● **Task statement**:
Only the stretch of the listing below that runs from the line with "Image for Tapu Bulu (006/064) - Pokemon" through the line with "Winona Bucket Hat" is to be printed, exactly and with both ends.

● **Supplied records**:
Content starts

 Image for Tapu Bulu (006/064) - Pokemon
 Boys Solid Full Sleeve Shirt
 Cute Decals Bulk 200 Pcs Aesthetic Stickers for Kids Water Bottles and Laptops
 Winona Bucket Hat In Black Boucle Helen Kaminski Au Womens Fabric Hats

Content ends
Content starts

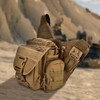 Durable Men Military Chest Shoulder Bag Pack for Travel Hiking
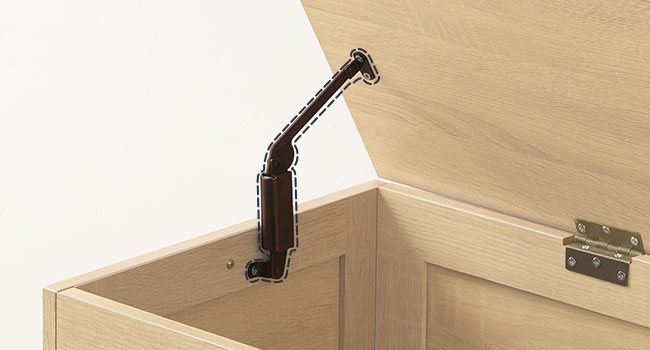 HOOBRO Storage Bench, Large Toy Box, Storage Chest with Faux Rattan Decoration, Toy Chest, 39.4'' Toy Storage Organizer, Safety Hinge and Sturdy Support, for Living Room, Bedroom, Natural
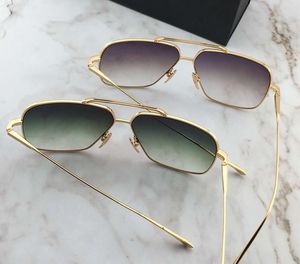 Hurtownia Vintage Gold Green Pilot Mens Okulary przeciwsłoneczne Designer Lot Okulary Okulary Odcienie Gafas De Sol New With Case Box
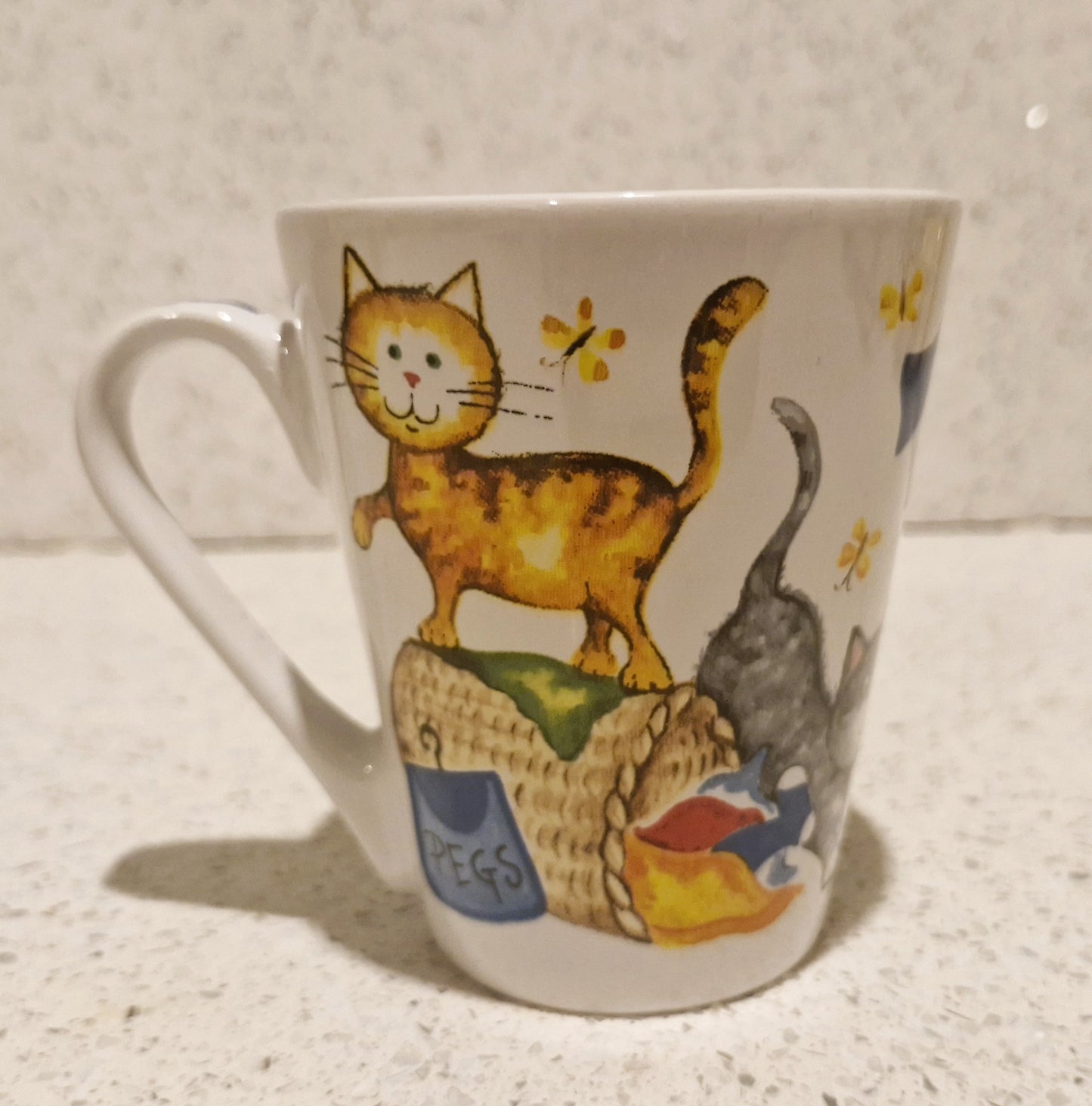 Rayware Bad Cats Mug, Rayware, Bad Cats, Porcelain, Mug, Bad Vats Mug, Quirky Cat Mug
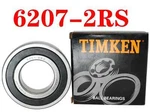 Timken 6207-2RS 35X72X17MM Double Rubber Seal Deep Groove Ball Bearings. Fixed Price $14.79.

Content ends

● **Answer area**:
 Image for Tapu Bulu (006/064) - Pokemon
 Boys Solid Full Sleeve Shirt
 Cute Decals Bulk 200 Pcs Aesthetic Stickers for Kids Water Bottles and Laptops
 Winona Bucket Hat In Black Boucle Helen Kaminski Au Womens Fabric Hats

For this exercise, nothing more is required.